Für den Bereich der Ehrenamtlichkeit der Tätigkeit der Präsidenten und Vorstände der Steuerberaterkammern hat die nun klargestellte Verwaltungsauffassung zur Folge, dass auch eine etwaige Anpassung des StBerG, die einer Ungleichbehandlung gegenüber anderen Berufsgruppen, die die Ehrenamtlichkeit ihrer Organe in entsprechenden (formellen) Berufsgesetzen geregelt haben, entgegen wirken würde, keine prüfungsfreie Anwendung des § 4 Nr. 26 UStG rechtfertigt. Hinzu kommt, dass die Verwaltungsauffassung auch für diejenigen Berufsgruppen mit (zukünftigen) Auswirkungen verbunden sein wird, die auf Grund der Nennung der Ehrenamtlichkeit in einem formellen Gesetz und der Annahme einer daraus resultierenden Steuerbefreiung, von einer weitergehenden Prüfung bislang abgesehen und die Tätigkeit stets unter der Maßgabe von § 4 Nr. 26 UStG (bislang) steuerfrei gestellt haben.

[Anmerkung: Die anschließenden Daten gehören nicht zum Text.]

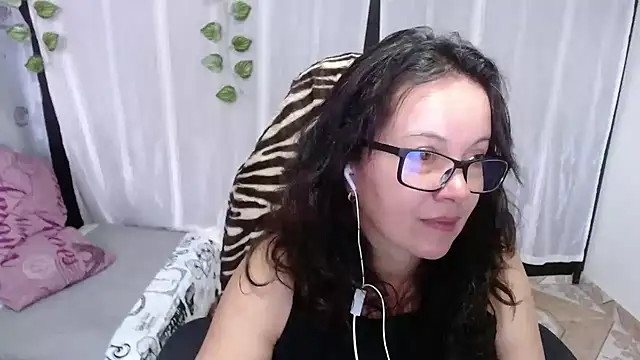 Snapshot of Sonialorens_ chatting on 02-01-25, 03:50 Sonialorens  online show from 02-01-25, 03:50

Offenbar mit Rücksicht auf diese Aspekte enthält das BMF-Schreiben eine Übergangsregelung. Für bis zum 31.12.2018 für juristische Persönen des öffentlichen Recht (jPöR9 ausgeführte Umsätze wird es von der Verwaltung nicht beanstandet, wenn sich der ehrenamtlich Tätige zur Begründung der Umsatzsteuerfreiheit der Umsätze auf die Benennung der Ehrenamtlichkeit in einer, auch im Rahmen der Satzungsautonomie erstellten, öffentlich-rechtlichen Satzung beruft, es sei denn, die Anwendung des Begriffs der Ehrenamtlichkeit auf seine Tätigkeit ist mit der gebotenen engen Auslegung des Begriffs der Ehrenamtlichkeit ausnahmsweise nicht mehr vereinbar, insbesondere dann, wenn sie in einem Umfang ausgeführt wird, bei dem die Annahme einer beruflichen Ausübung nicht mehr ausgeschlossen werden kann.